Automated Machine Learning offers techniques and procedures to make Machine Learning accessible to those who are not specialists in it, to increase its effectiveness, and to quicken the pace of Machine Learning research. Basically, Automated machine learning (AutoML) automates and eliminates manual steps required to go from a data set to a predictive model. AutoML also reduces the level of skill needed to create accurate models, allowing anyone, whether an expert or someone with little machine learning experience, to utilise it. AutoML accelerates challenging steps in the machine learning workflow by automating repeated tasks, including:
• Data exploration and pre-processing: Identify factors with a low predictive power and highly correlated that should be removed.
• Automatic feature extraction and feature selection: Choose the features with the highest predictive potential from a vast range of features.
• Model selection and tuning: Select the top-performing model by automatically tweaking model hyperparameters.
Deployment preparation: Using code generation, you may translate complex machine learning algorithms into simpler languages like C or C++ for use in embedded systems with little memory and little power.

Merits and demerits of AutoML
• Efficiency — It shortens the training period for machine learning models and speeds up and simplifies the machine learning process.
• Cost savings – A corporation can save money by allocating less of its budget to sustaining a faster, more effective machine learning process.
• Accessibility — Having a less complicated procedure enables businesses to save money on employee training or expert hire. Additionally, it opens up machine learning to a wider spectrum of businesses.
• Performance — AutoML techniques frequently outperform manually written models in terms of efficiency.
The tendency to see AutoML as a substitute for human expertise is one of its key obstacles. Like most automation, AutoML is made to carry out repetitive operations accurately and effectively, freeing up workers to concentrate on more difficult or unusual jobs. Routine operations that can be sped up by automation include monitoring, analysis, and problem detection, all of which AutoML automates. Although it is no longer necessary for a human to actively participate in the machine learning process, they should still be included in the model’s evaluation and supervision. Instead replacing data scientists and staff, AutoML should increase productivity.

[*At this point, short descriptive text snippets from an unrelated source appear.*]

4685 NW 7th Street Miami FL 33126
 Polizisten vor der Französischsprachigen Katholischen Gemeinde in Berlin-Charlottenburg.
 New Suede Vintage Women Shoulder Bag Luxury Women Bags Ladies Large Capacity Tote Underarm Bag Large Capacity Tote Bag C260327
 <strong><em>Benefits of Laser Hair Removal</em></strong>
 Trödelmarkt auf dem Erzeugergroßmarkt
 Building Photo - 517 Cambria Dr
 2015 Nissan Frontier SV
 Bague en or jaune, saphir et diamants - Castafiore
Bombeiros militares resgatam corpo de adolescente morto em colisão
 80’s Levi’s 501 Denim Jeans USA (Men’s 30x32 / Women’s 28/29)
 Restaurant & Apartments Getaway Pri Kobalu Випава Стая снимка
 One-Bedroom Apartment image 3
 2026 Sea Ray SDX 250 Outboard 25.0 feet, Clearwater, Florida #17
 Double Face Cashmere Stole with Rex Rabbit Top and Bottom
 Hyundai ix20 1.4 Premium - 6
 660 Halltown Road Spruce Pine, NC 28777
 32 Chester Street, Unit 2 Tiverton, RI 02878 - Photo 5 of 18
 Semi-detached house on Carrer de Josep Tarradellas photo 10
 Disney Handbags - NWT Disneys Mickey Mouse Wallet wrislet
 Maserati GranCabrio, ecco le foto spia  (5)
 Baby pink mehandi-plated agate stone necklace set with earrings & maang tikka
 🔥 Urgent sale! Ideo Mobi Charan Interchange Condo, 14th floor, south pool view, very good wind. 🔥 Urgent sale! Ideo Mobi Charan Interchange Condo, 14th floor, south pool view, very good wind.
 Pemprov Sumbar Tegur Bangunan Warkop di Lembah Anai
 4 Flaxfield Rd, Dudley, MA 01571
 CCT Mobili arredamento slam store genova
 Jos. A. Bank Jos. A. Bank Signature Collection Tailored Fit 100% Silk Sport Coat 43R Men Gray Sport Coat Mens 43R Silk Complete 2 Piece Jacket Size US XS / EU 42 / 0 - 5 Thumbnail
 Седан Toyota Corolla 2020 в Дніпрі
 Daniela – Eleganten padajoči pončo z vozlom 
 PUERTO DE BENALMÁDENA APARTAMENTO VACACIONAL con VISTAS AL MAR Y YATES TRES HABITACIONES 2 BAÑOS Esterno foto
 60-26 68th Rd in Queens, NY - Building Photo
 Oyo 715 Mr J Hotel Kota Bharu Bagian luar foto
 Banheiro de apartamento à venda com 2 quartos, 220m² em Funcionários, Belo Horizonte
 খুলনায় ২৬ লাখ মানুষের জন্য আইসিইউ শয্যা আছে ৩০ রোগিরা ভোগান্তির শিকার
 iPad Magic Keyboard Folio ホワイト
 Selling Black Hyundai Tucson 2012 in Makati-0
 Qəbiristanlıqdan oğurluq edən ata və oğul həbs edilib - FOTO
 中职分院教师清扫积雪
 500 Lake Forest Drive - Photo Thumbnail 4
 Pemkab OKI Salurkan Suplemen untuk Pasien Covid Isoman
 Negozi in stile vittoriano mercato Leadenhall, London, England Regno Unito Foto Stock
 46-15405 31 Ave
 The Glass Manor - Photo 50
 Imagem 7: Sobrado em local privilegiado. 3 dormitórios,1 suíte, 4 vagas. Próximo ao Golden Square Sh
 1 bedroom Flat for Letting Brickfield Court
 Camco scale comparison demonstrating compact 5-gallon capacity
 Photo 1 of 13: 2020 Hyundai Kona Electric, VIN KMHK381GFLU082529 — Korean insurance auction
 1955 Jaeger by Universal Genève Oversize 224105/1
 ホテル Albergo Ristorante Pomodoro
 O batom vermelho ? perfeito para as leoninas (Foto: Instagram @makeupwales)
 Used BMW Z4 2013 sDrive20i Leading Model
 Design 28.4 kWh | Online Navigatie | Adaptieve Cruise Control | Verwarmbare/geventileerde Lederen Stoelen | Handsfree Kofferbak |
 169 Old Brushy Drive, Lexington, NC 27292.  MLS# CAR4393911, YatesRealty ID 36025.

The “black box” criticism of AutoML refers to the fact that machine learning algorithms can be challenging to reverse engineer. Although they increase productivity and processing capacity to create results, it might be challenging to trace the exact path taken by the algorithm to get there. As a result, it might be challenging to predict a result if a model is a black box, which makes it challenging to select the best model for a specific situation.
Several popular AutoML platforms are:
Google AutoML, a platform for automated machine learning that runs on Google’s private cloud.
Microsoft Azure Automated Machine Learning, a specialised platform running in the cloud.
Auto Keras, an open-source software library created by Texas A&M University’s DATA lab.
Scikit learn, an open source, commercially viable set of straightforward machine learning tools in Python, was replaced by Auto-sklearn, which developed from it.